Premium Plus membership offers personalized study plans and all 12 language options.

SEE: Best apps to learn to speak Chinese in 2019 (Download.com)

Duolingo uses fun graphics to help you learn vocabulary.

Image: Duolingo


languages: 91
Cost: Free, but Premium is $ 9.99 per month
Download: iOS, Android

Duolingo is probably the most popular of the language learning apps, and it’s free. Like other language apps, it treats the lessons like a game, with words, images, and quizzes. It teaches you the words and phrases that you can use during your travels, as well as unique phrases that can help you remember what you have learned.

With Duolingo Plus you can download lessons, offer unlimited testing attempts, and offer an ad-free experience.

The disadvantage is that I found this app buggy. When I first downloaded it, I couldn’t make it work at all and I had to contact the company about the problem. They worked it within a day, but I found forums where other users complained about the same problem.

Duolingo has a free sister app called TinyCards, which is just a simple flash card app. It has language cards, as well as cards to learn cards, flags, bones of the human skeleton, the Periodic Table of Elements, historical figures and more.

Babbel explains the statement well.

Image: Chat


languages: 15
Cost: $ 6.96 to $ 12.95 per month, per language.
Download: iOS, Android

The Babbel interface is nicer than the cheaper apps and uses good looking stock photos to help you remember the words. An advantage of Babbel is that it explains the pronunciation, such as that the Z sound in German sounds like “ts”, while an S sometimes sounds more like an English Z; in the other language apps you can hear the pronunciation, but they do not offer such an explanation. It also has mini grammar lessons, which I appreciate.

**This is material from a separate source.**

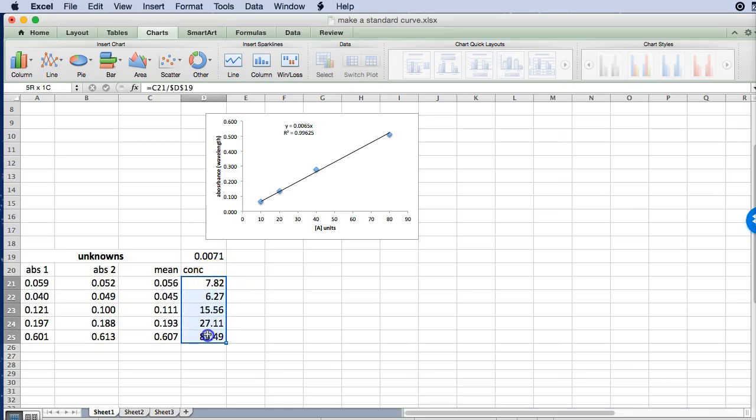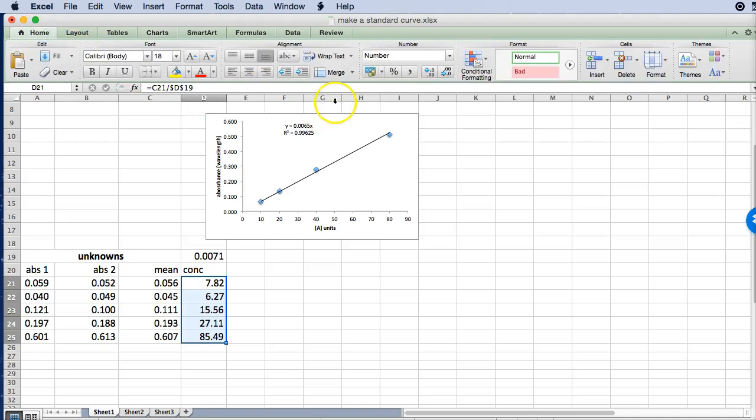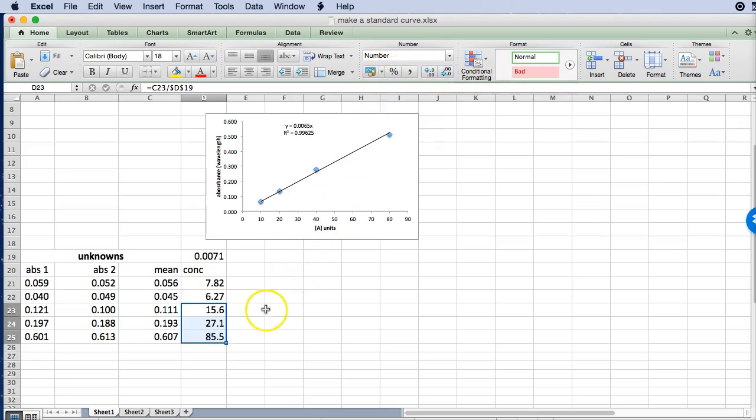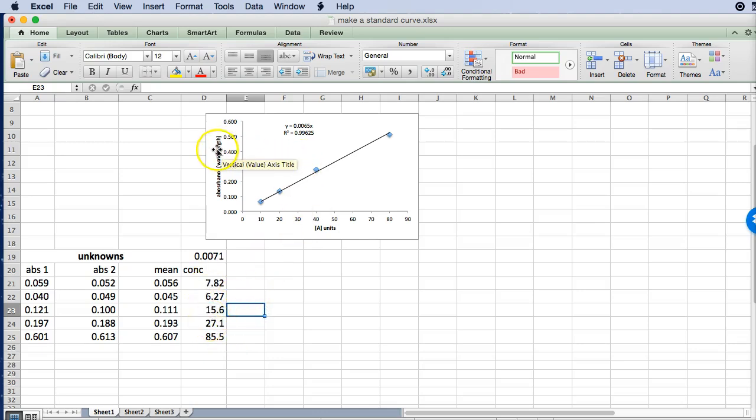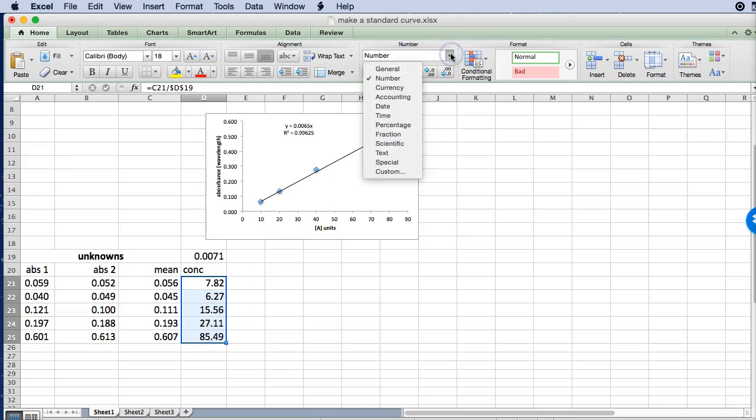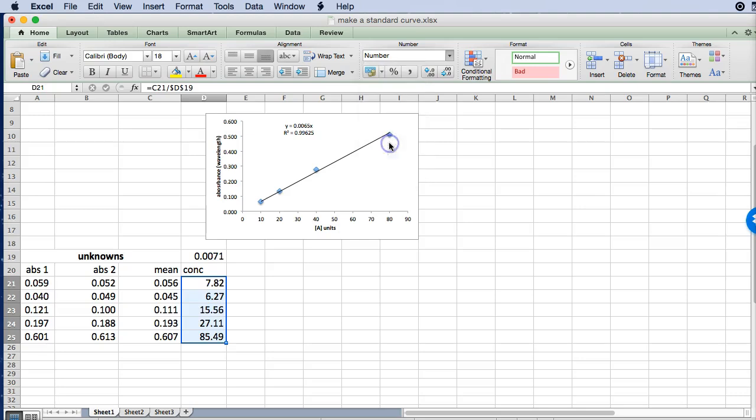So I'm just going to select them all. One way would be to just change the number of decimals in these cells. And we just reduce that by one. So that's a quick and dirty way which often is enough for something small like this.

A frustrating problem with Babbel is the use of homonyms. For example, the word “sie” in German means two different things – it means she and you, depending on capitalization and context. But if you hear it outside of a sentence, you have a 50/50 chance to guess correctly, which can be frustrating. I’m sure other languages ​​have similar homonyms, which causes the student frustration.

Keep learning languages

Whatever method you use to learn a language, I hope you try to learn at least a few words wherever you are – it makes your hosts happy to see that you have tried it. And you will always be able to find the bathroom.